A passagem da política pelos túneis judiciários se tornou mais intensa, a partir de 88, quando a 'Constituição Cidadã' escancarou o portão das demandas de classes e grupos. Os textos legais, por seu lado, férteis em ambigüidade, propiciaram condições para a instalação de um processo de juridificação da vida social. Disputas multiplicaram-se nas esferas pública e privada. A visibilidade dos tribunais se intensificou e seus membros passaram a dar uma interpretação política aos conflitos sociais. Hoje, nomeações de juízes assumem forte coloração política. Ao lado de alta cultura jurídica, magistrados passam também a ser conhecidos como ministros nomeados por Sarney, Collor, Fernando Henrique e Lula (aliás, também é assim nos EUA). O Ministério Público (MP) desenvolve forte ativismo. Promotores e procuradores de Justiça abrem espaço para um formidável arsenal de ações civis públicas, reforçando a idéia de que o MP é o quarto Poder. Órgãos governamentais usam-no para acionar outros órgãos públicos. O contencioso político-jurídico se adensa. Instâncias políticas e jurídicas convivem, ora pacifica, ora conflituosamente. Tensões acendem as fogueiras de crises intermitentes.

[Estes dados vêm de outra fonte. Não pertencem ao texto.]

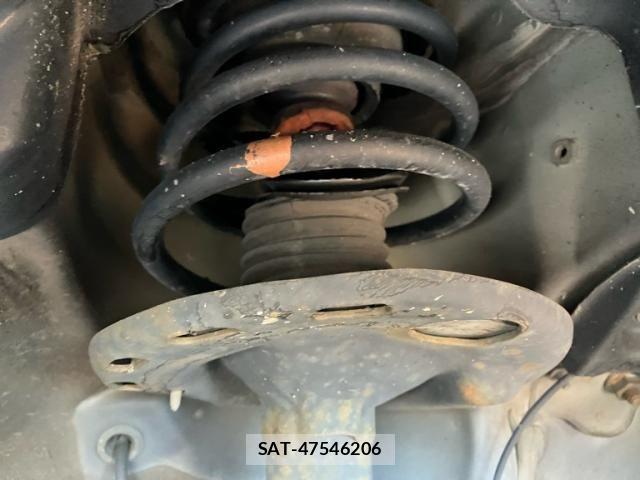 Toyota VOXY 2011-08 8369695-10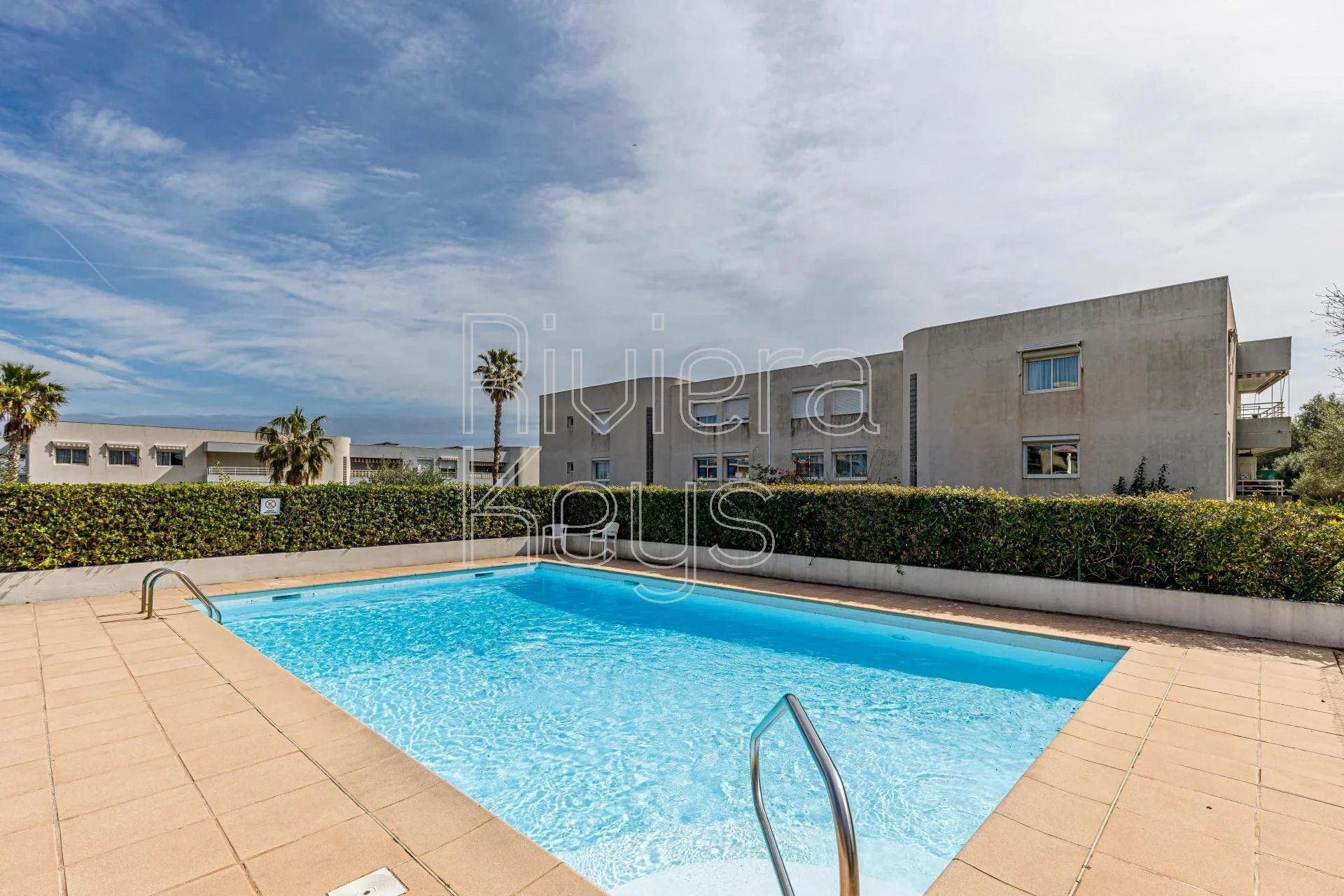 Osakehuoneisto sisään Antibes, Provence-Alpes-Cote d'Azur 12157754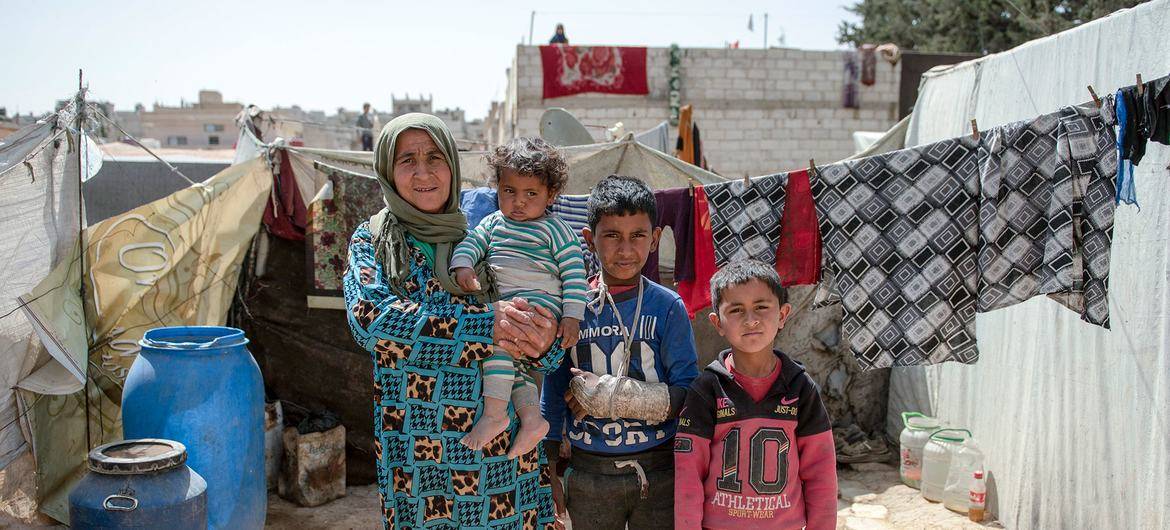 Programa de transferência monetária do Unicef apoia famílias na zona rural de Damasco, na Síria. [Delil Souleiman /Unicef]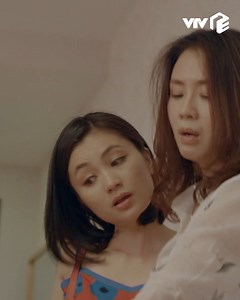 1.4M views · 8.5K reactions | Khi hội con gái va vào nhau thì "mỏ hỗn" nhân đôi. #vtvgiaitri #phimvietnam #hoahongtrennguctrai #phimvtv | VTV Giải trí | Facebook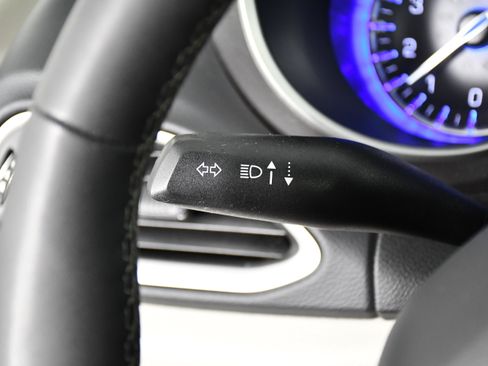 Used 2024 Chrysler Pacifica Touring-L FWD image 15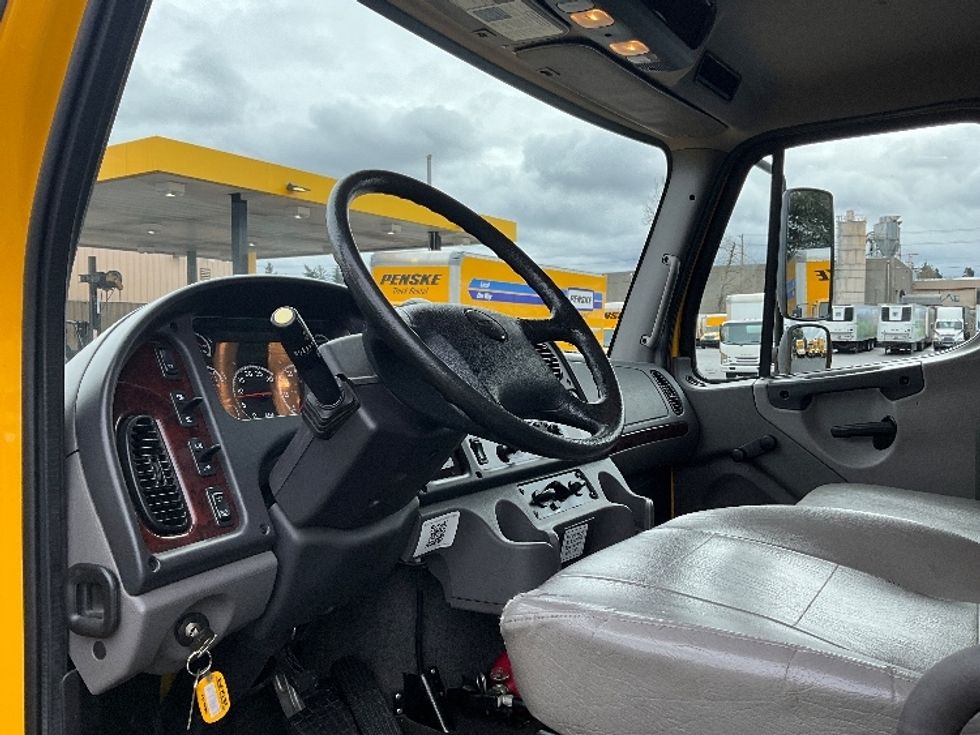 Flatbed Truck-Light and Medium Duty Trucks-Freightliner-2020-M2-Portland-OR-42,020\n\t\tmiles-$ 64,250 - Image 17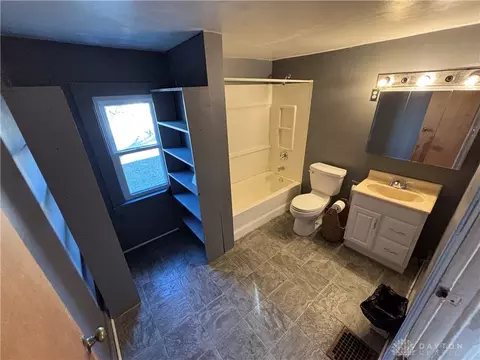 Bath - 650 E Southern Ave, Springfield, OH 45505 photo 1 of 1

Nesse ponto, afloram críticas. Ao interferir fortemente na política, o Judiciário estaria desenvolvendo uma hegemonia dentro do arranjo político-institucional. Posta nesses termos, a inquietação leva em conta, ainda, o processo de nomeação 'política' de juízes das altas Cortes, o voluntarismo político e a orientação ideológica de membros do MP que buscam afirmar o caráter politizado da instituição, o ativismo político que se observa até em quadros de juízes de primeira instância e certa propensão para jogar na panela da racionalidade do Direito condimentos extraídos de circunstâncias e de valorações pessoais, o que poderia ameaçar os fundamentos do império legal. O fato é que a intervenção jurídica no campo político não pode passar despercebida. Ocorre que o Legislativo dá mostras de fragilidade. O que faz é questionado e o que deixa de fazer é corrigido por outras áreas. Já o Executivo se apresenta como fonte inesgotável do caudal da política judicializada, contribuindo para que o Poder que diz a lei seja o mesmo a dizer como deve funcionar a política. Quando juízes se tornam agentes políticos da lei, periga a doutrina da tripartição dos Poderes.